Thanks a lot for your time .

Answer: Besides the families $f(x)=ax+b$, $f(x)=\frac a{x+b}+c$ and $f(x)=a\ln(bx+c)$ of solutions of the functional equation $$f(x)+f(y)=f\left(\frac{xf'(x)+yf'(y)}{f'(x)+f'(y)}\right)+f(\frac{x+y}2)$$ mentioned in the question, there also are the families $$f(x)=a\ln\left(\frac{x+b}{x+c}\right)+d\mbox{ with positive }b,c$$ and $$f(x)=a\arctan(bx+c)+d\mbox{ if }b\neq0.$$ This completes the list of all its solutions. It turns out, that members of the first new family are also reciprocally convex/concave, membres of the second one only if $bc\geq0$. If $bc<0$, then the members of the second new family are not even convex/concave. Observe that the only solutions of the functional equation that can be extended to the whole real axis are the linear functions and those containing $\arctan$.

Proof: A small calculation shows that the two new families are indeed solutions of the functional equation. For the second one, it suffices to do it for positive $b$. Here we use an addition formula for $\arctan$: $$\arctan(u)+\arctan(v)=\arctan(\tfrac{u+v}{1-uv})+\pi,$$ if $u,v\geq0$ and $uv>1$. This allows to show the functional equation for sufficiently large $x,y$; for all $x,y$ it follows because both sides of the functional equation are real analytic functions of $x,y$.

Another calculation shows that these new families consist of reciprocally convex/concave functions depending on the signs of $a$ and $b-c$ for the first one and of the sign of $a$ for the second one in the case $bc\geq0.$ If $bc<0$, then $\arctan(bx+c)$ is not concave as its derivative $\dfrac b{(bx+c)^2+1}$ is not monotonous on $(0,\infty)$.

It is much harder to show that these are all solutions.
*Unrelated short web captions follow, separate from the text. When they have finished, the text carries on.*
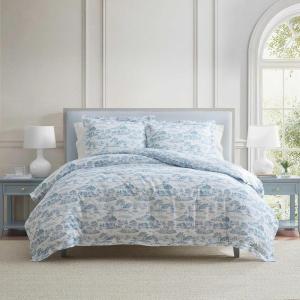 Martha Stewart – Queen Comforter Set, 100% Silky Smooth Cotton Sateen Floral Bedding for Year Round Comfort, 3 Piece Bed Set with Matching Pillowcases (Tea Rose Pink)(Farmhouse Toile Blue)
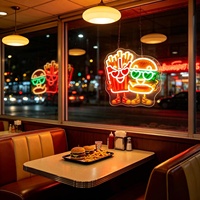 Letreros de Neón con Diseño de Hamburguesa Impresos con UV para Decoración de Paredes Interiores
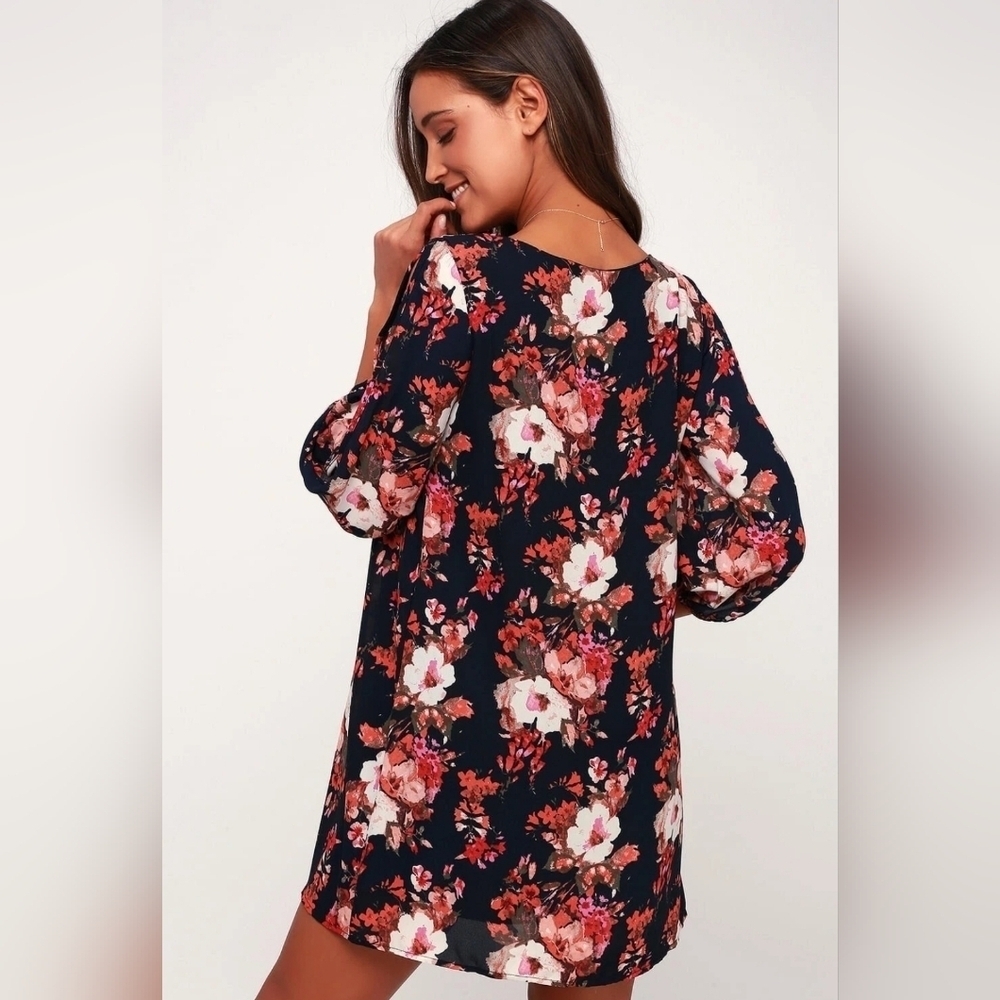 Lulu's Shifting Dears Navy Blue Floral Dress Size Large - Picture 4 of 8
Actually, I did not guess the new family of solutions, but found them this "hard way".

Consider a differentiable solution $f$ of the functional equation such that $f'(x)\neq0$. Then, by Darboux's Theorem, $f'$ does not change sign, hence $f$ is strictly monotonous and its inverse function exists.
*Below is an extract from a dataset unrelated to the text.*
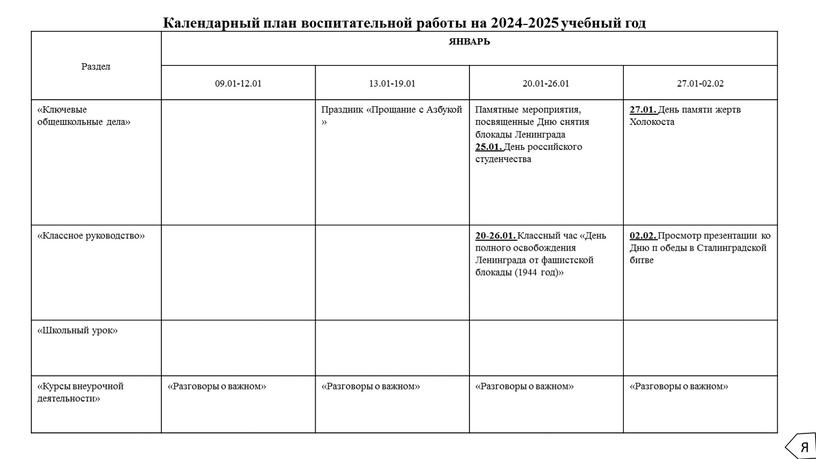 Раздел ЯНВАРЬ 09.01-12.01 13.01-19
Claim 1: $f$ is infinitely often differentiable.

This follows from the functional equation which can be written $$\frac{xf'(x)+yf'(y)}{f'(x)+f'(y)}=f^{-1}(f(x)+f(y)-f(\tfrac{x+y}2)).$$ We fix $y$. Then the right hand side is a differentiable function of $x$. We name it $q(x)$. Then also $f'(x)=(y-q(x))f'(y)/(q(x)-x)$ is differentiable for $x\neq y$. Here we use that $x<q(x)<y$ if $x<y$ and $x>q(x)>y$ if $x>y$. Using several $y$, we see that $f'(x)$ is differentiable for all $x$ and hence $f$ is twice differentiable. This reasoning can be repeated and yields that $f$ is infinitely often differentiable.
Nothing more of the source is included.